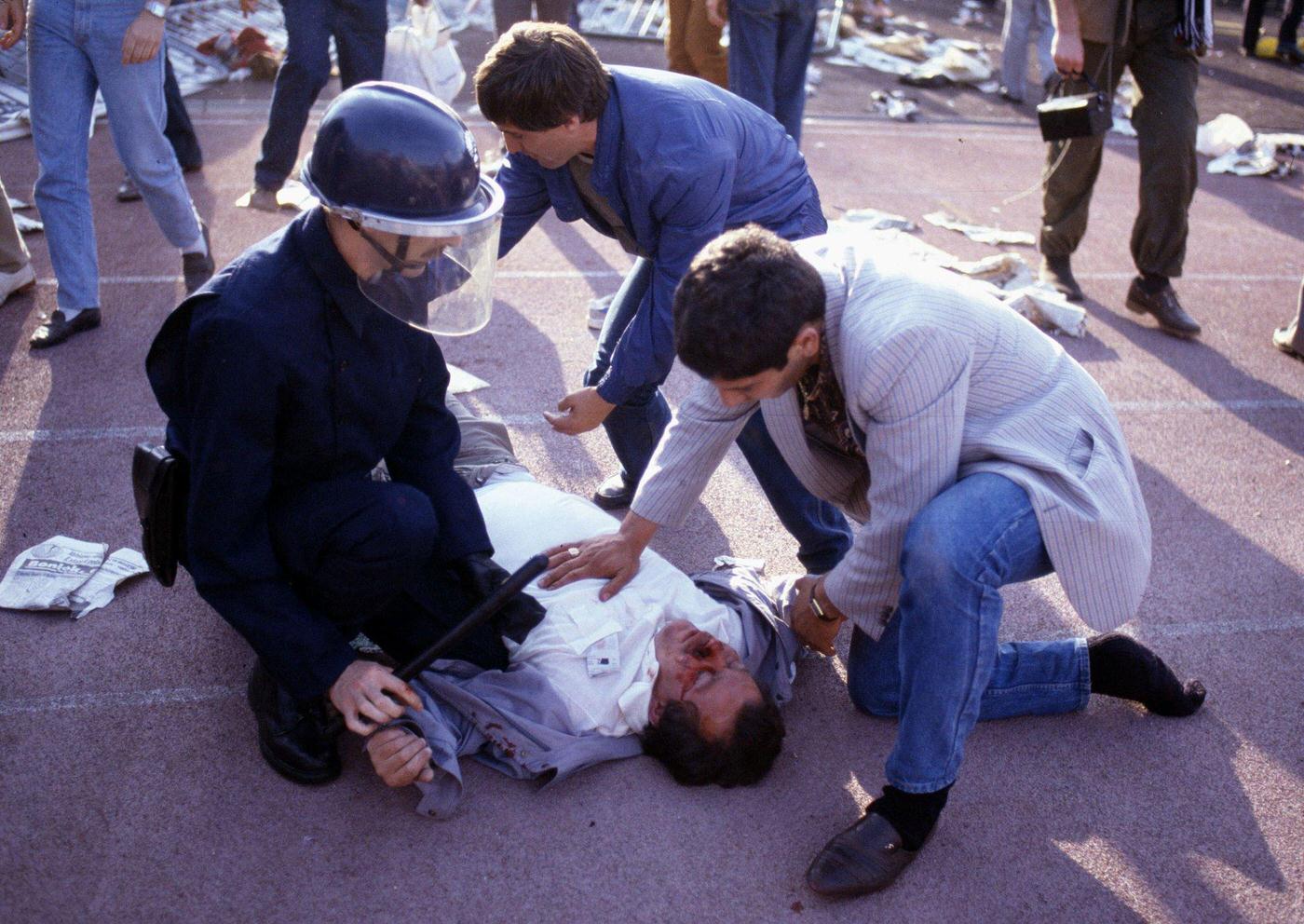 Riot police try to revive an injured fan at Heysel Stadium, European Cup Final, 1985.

++++++

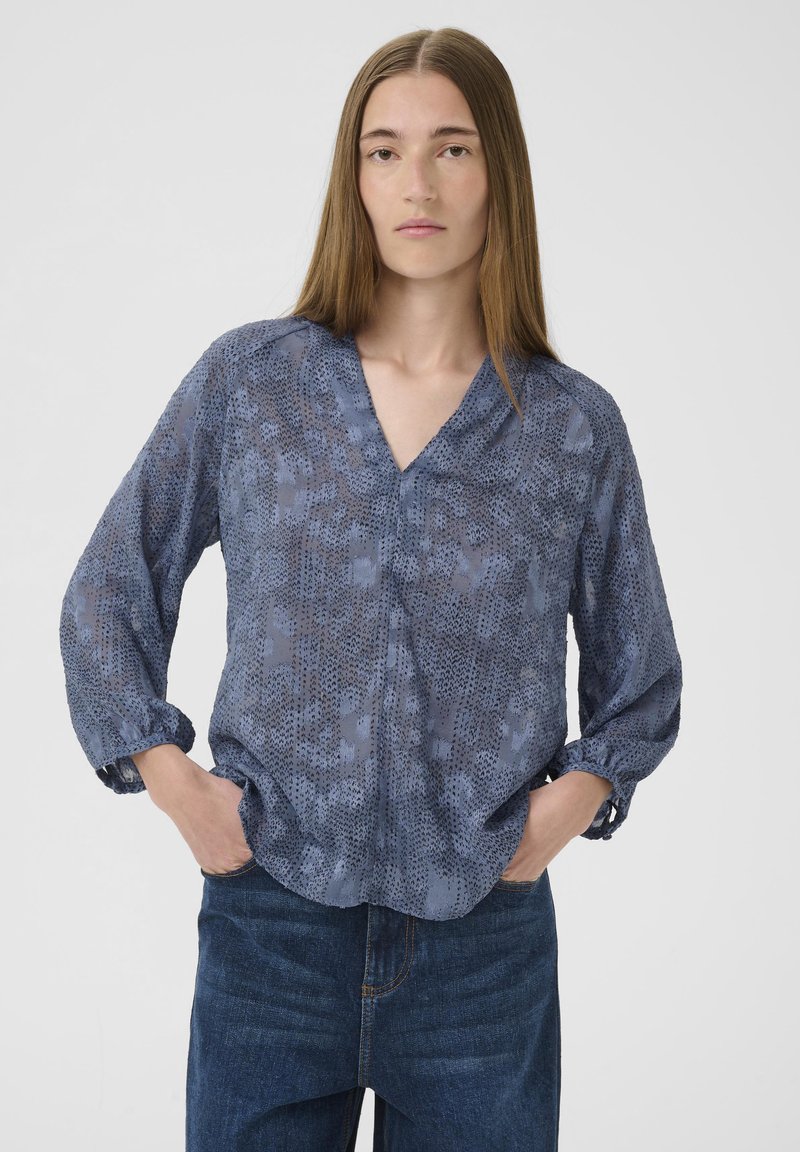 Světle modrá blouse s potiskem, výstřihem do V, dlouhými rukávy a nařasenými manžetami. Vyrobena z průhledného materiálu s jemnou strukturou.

++++++

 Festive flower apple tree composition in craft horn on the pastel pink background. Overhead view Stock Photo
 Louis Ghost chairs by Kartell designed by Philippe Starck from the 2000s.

++++++

Only the lines above starting with the one with "Festive flower apple" and going through the one with "Louis Ghost chairs" are to be copied, word for word and with both ends kept.

Result →
 Festive flower apple tree composition in craft horn on the pastel pink background. Overhead view Stock Photo
 Louis Ghost chairs by Kartell designed by Philippe Starck from the 2000s.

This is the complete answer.